DETAILED DESCRIPTION
[0017] Ion mobility spectrometry (IMS), and its evolutions such as
high-Field Asymmetric Waveform Ion Mobility Spectrometry (FAIMS)
and Rapid Thermal Modulation Ion Spectrometry (RTMIS), produce data
that is more complex than many technologies deployed in mobile
chemical sensing systems, such as mass spectrometry. Unlike mass
spectrometry data which is typically represented as a graph with a
single independent variable, IMS, FAIMS and RTMIS responses to
chemical compounds are non-linear with respect to environmental
conditions and system configuration. Thus, it is often more
challenging, time-consuming and often highly empirical to develop
chemical detection and classification systems that can reliably
classify chemical compounds from IMS spectra data in real-world
implementations.
[0018] In the present disclosure, novel machine learning approaches
are used to classify compounds based on the unique chemical
spectrum produced by a FAIMS, RTMIS and/or similar chemical sensing
technology to decrease the development time, decrease the amount of
data that is needed to develop classifiers, increase the efficiency
of the data collection process, reduce the number of false
positives generated by trained models, and/or provide more
flexibility to incorporate emerging chemical libraries into trained
models.
[0019] In various embodiments of the present disclosure, the use of
statistical classification and machine learning algorithms for
two-dimensional spectra (e.g., IMS spectra data) is used to provide
a fast, flexible and accurate alternative to empirical development
of classifiers for chemical sensors. Prediction models based on
statistical algorithms can identify differences in spectral
responses between varying analytes, ultimately increasing the
specificity of the analytical instrumentation. The algorithms
disclosed herein may include and support, but are not limited to,
Decision Trees, Support Vector Machines, Logistic Regression,
KNeighbors, Naive Bayes, Ensemble methods (e.g. Random Forests),
and Neural Networks.
[0020] This disclosure further describes a set of software tools
and methods that are used to process chemical data (e.g., IMS
spectra data), define unique features to differentiate the
detection instrument response based on the chemical target, and
develop a predictive model to classify an instrument response in
the field. To develop these classification models, a dataset of
chemical spectra that represents targets of interest, mixtures,
interferents and environmental sampling conditions is collected and
used to train a plurality of models. In some embodiments, the
dataset includes rows of observations with each row containing
features that include unique characteristics that differentiate one
analyte from other analytes in the dataset. Examples of features
may include peak height and peak location in the 2-D IMS spectrum.
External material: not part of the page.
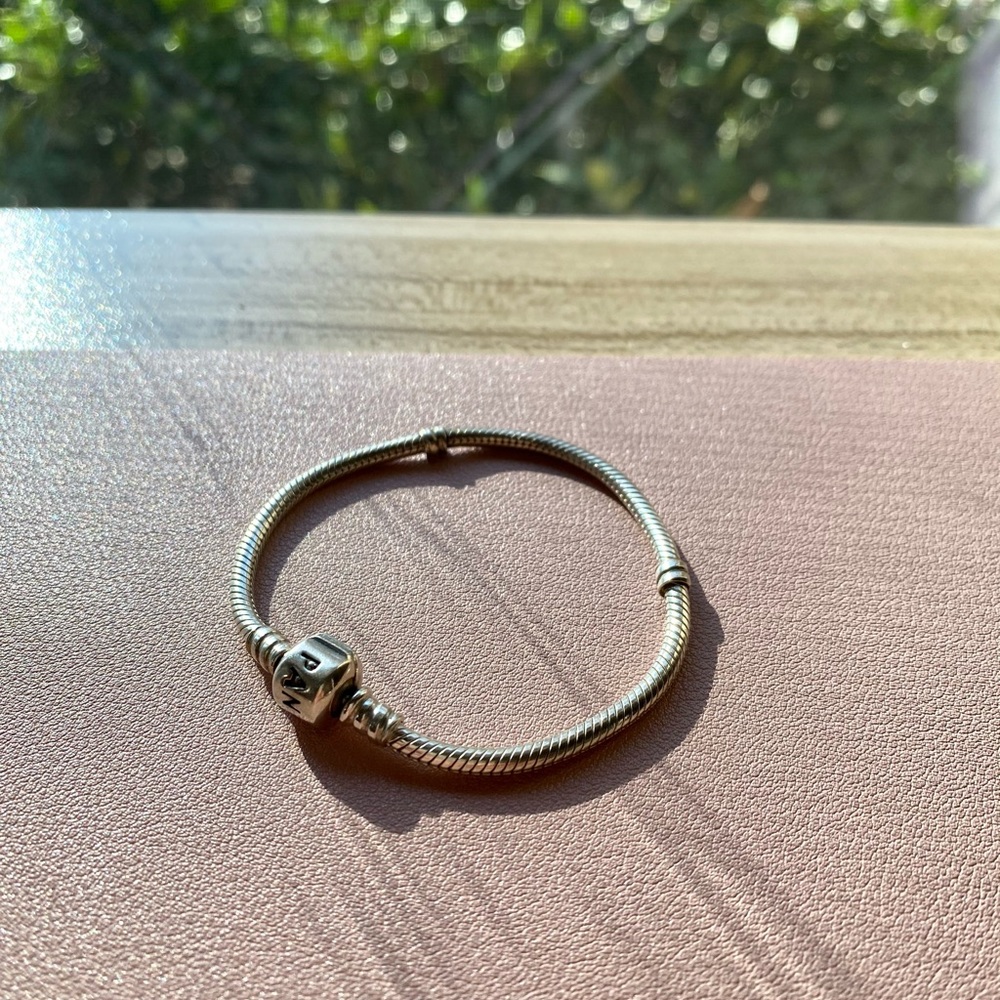 Pandora Chainlink Bracelet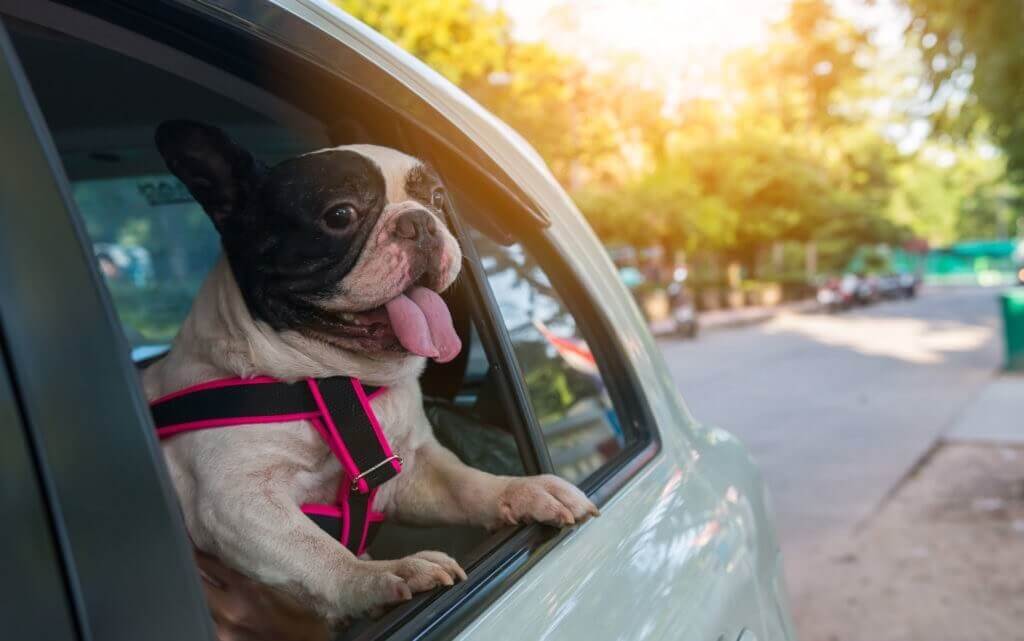 7 Tips For Holiday Car Travel With Pets Greenlin Pet Resorts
Other features may be identified by determining which features have
the most value for classification, such as be using supervised
and/or unsupervised statistical methods.
[0021] After features are identified, a dataset is created and
split into training and validation subsets. The training dataset
will be used to develop one or more classification models, while
the validation dataset will be used to evaluate the model for
accuracy. In some embodiments, a variety of classification models
may be evaluated, optimized and compared to determine model(s) that
provide the best performance for a desired application. The present
disclosure describes methods for multiple models to be trained and
validated on the same datasets, so that direct comparisons can be
made. These methods allow the incorporation of new data, features
and model parameters to iteratively tune the models and expand
chemical libraries.
[0022] Referring to FIG. 1A, various embodiments of a system for
training, validating, evaluating and selecting one or more models
for classifying one or more chemicals will be described. A system
50 generates a training dataset and validated models in an
iterative process that yields high performance models for chemical
classification. The trained models are optimized to classify one or
more analytes and the system 50 provides flexibility to incorporate
additional target analytes as needed for particular
implementations. In the illustrated embodiment, the system 50
includes a model analysis engine 70 configured to operate with a
training dataset 56 (e.g., a set of labeled chemical data) for
training different machine learning models (e.g., a neural network)
in a training process 58. The training process 58 applies one or
more subsets of training data from the training dataset 56 to
produce trained classification models 60 and also generates model
and/or training dataset metrics during the training process. Each
of the trained classification models 60 is validated using a
validation dataset 62, which may be selected as a subset of the
training data that is not used for training the model.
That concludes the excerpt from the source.